» Problem description
Leaving the pictures aside, transcribe only and exactly the lines from the one with "Casa Carmen 1 - Housity" through the end of the entries, both included.

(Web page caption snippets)
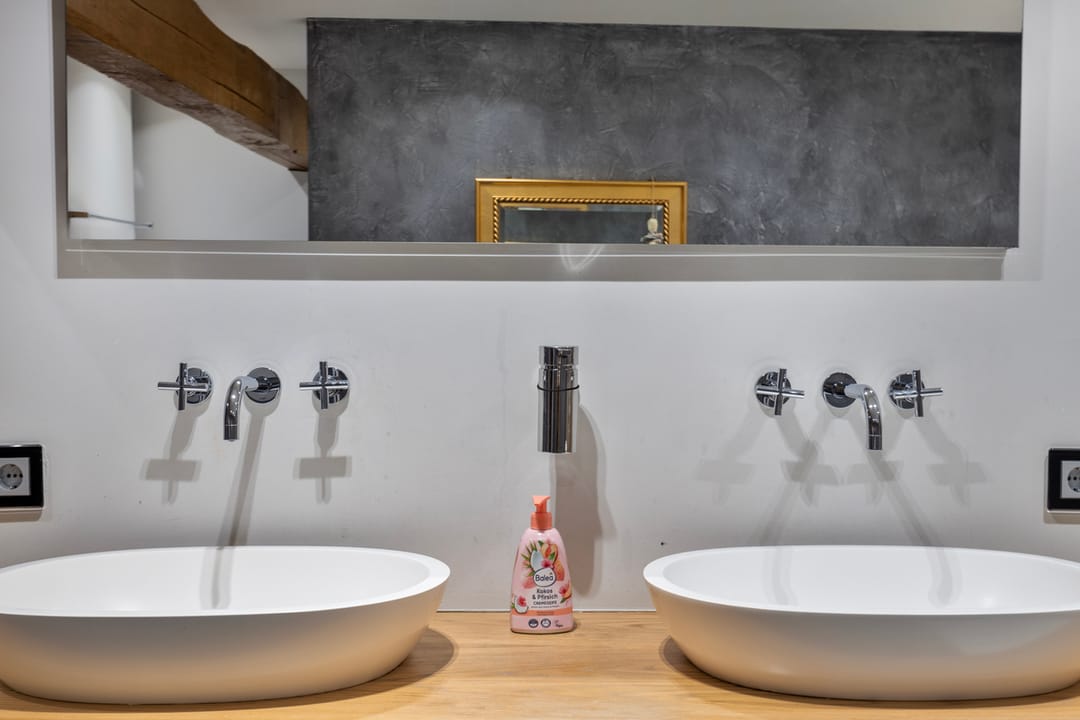 Foto 31 van Dorpsstraat 36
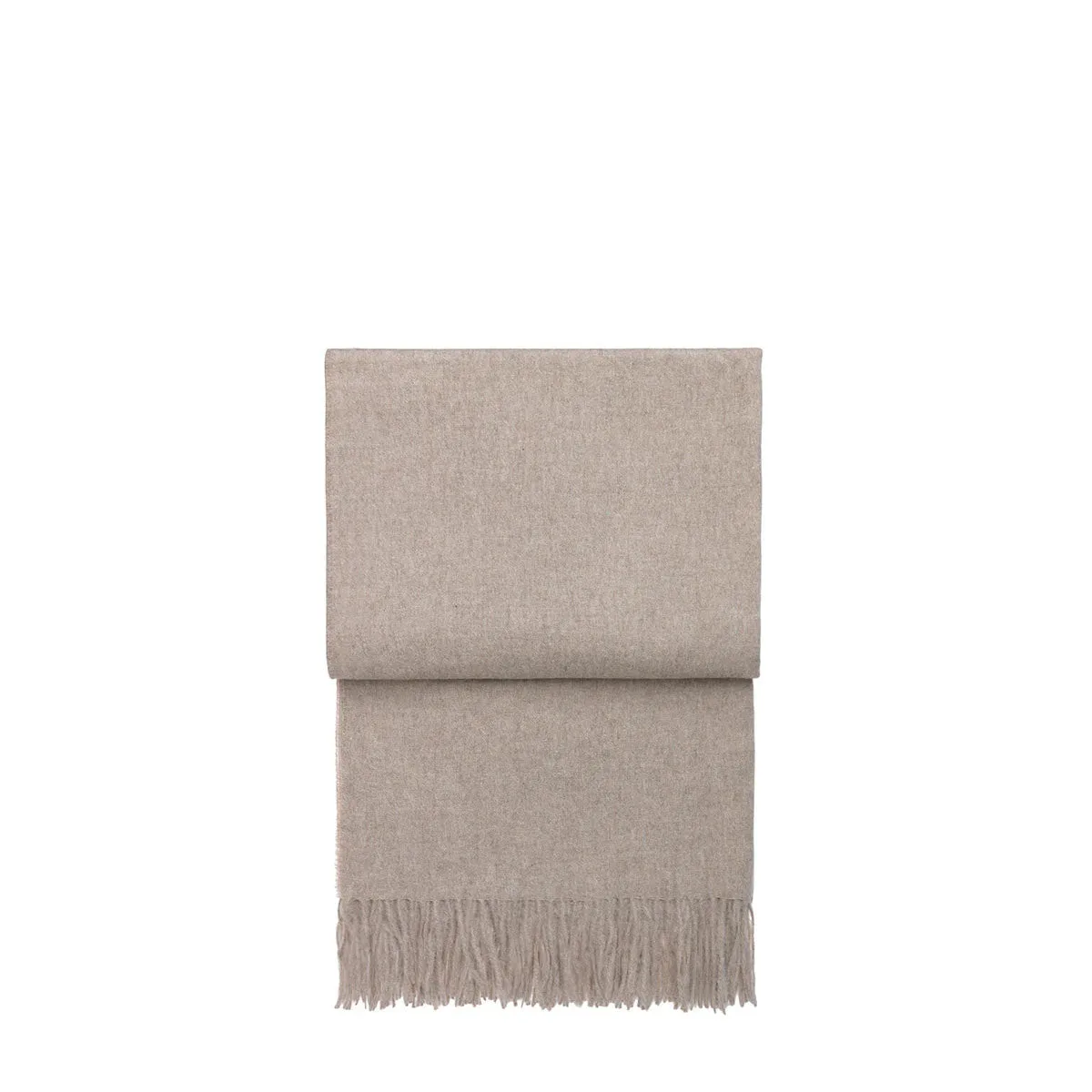 Elvang Classic plaid fra Trendbazaar — julegave til svigerforældre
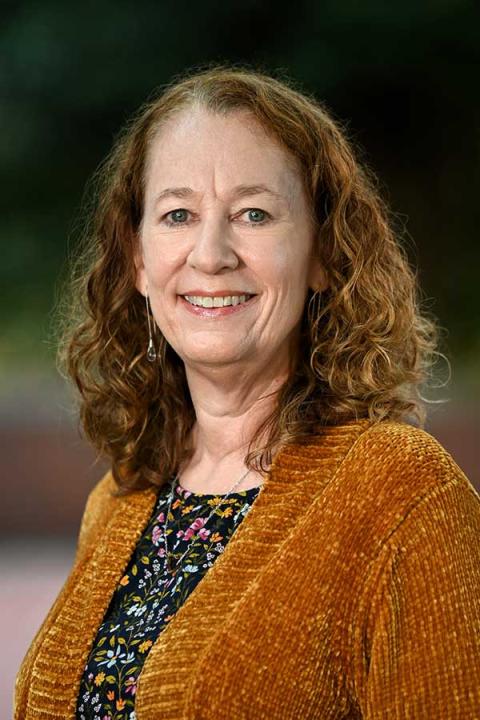 Angela Foster Angela Foster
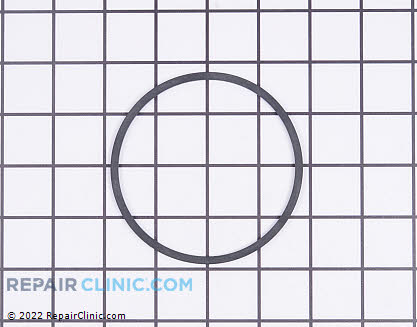 Gasket 20097           Main Product View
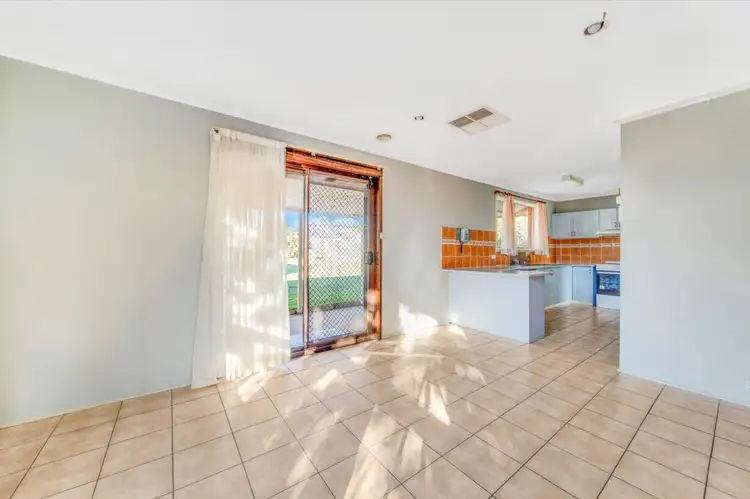 Fifth view of Homely house listing, 160 Beasley Street, Torrens ACT 2607
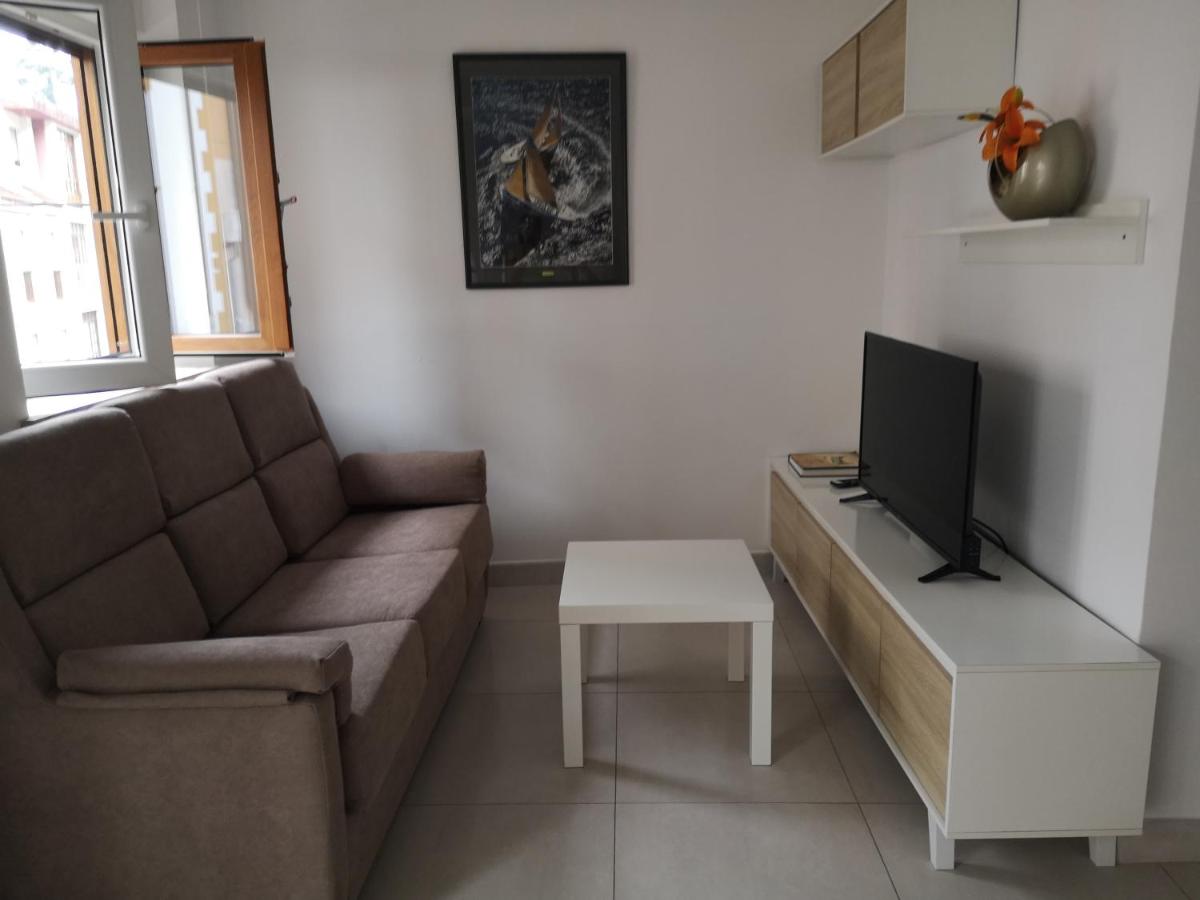 Casa Carmen 1 - Housity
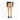 Pantalon d'équitation ANKY® Amplify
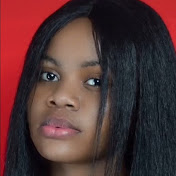 Profile Picture of Helen Bright (@helenbrighttttt) on Youtube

» Exercise result
 Casa Carmen 1 - Housity
 Pantalon d'équitation ANKY® Amplify
 Profile Picture of Helen Bright (@helenbrighttttt) on Youtube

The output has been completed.